- _BRIEF_: Repeat the listing below exactly. Pictures do not belong in the copy.

- _DATA EXTRACT_:
--------------------------------

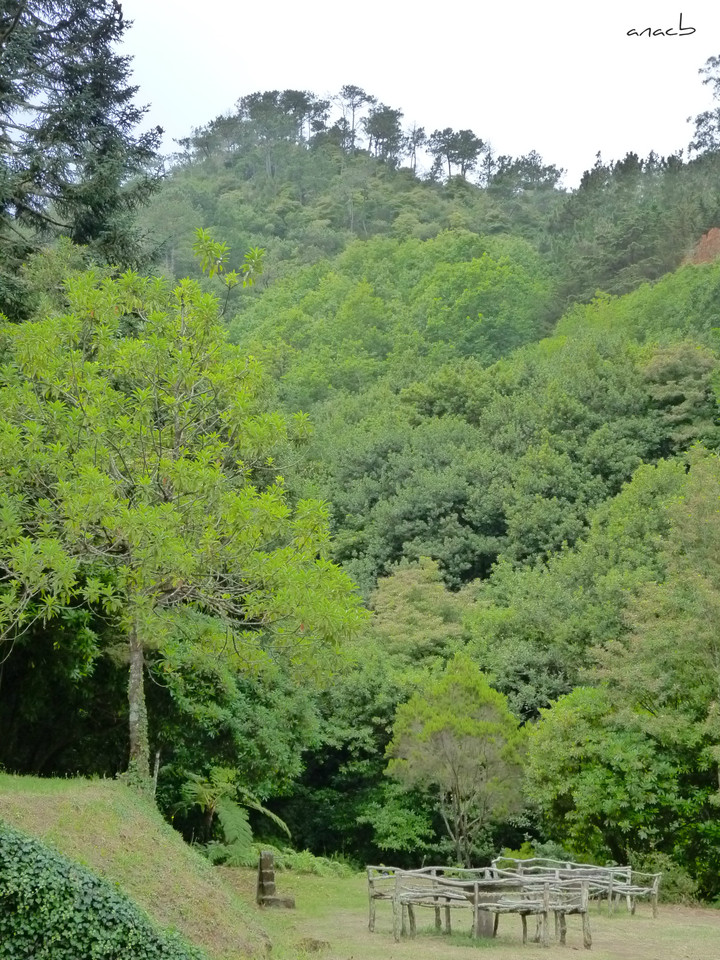 ao acaso #18 Ribeiro Frio, Madeira.JPG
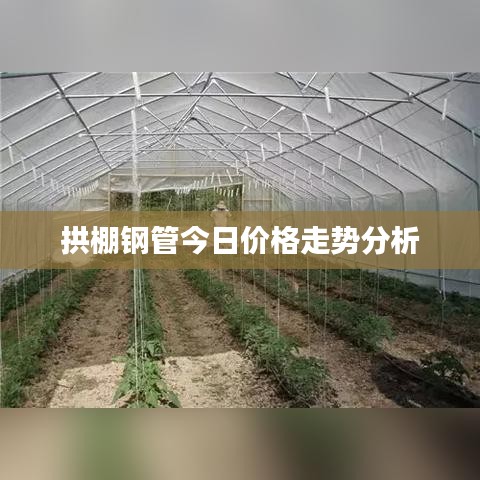 拱棚鋼管今日價(jià)格走勢(shì)分析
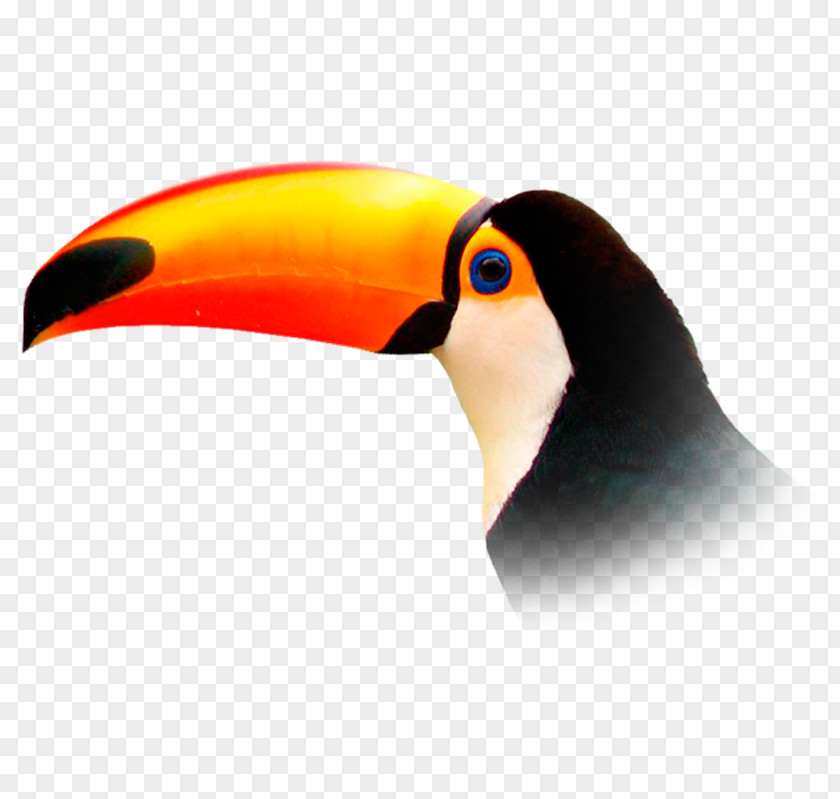 Toucan Flight Bird Vuela Travel PNG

--------------------------------

- _OUTPUT_:
 ao acaso #18 Ribeiro Frio, Madeira.JPG
 拱棚鋼管今日價(jià)格走勢(shì)分析
 Toucan Flight Bird Vuela Travel PNG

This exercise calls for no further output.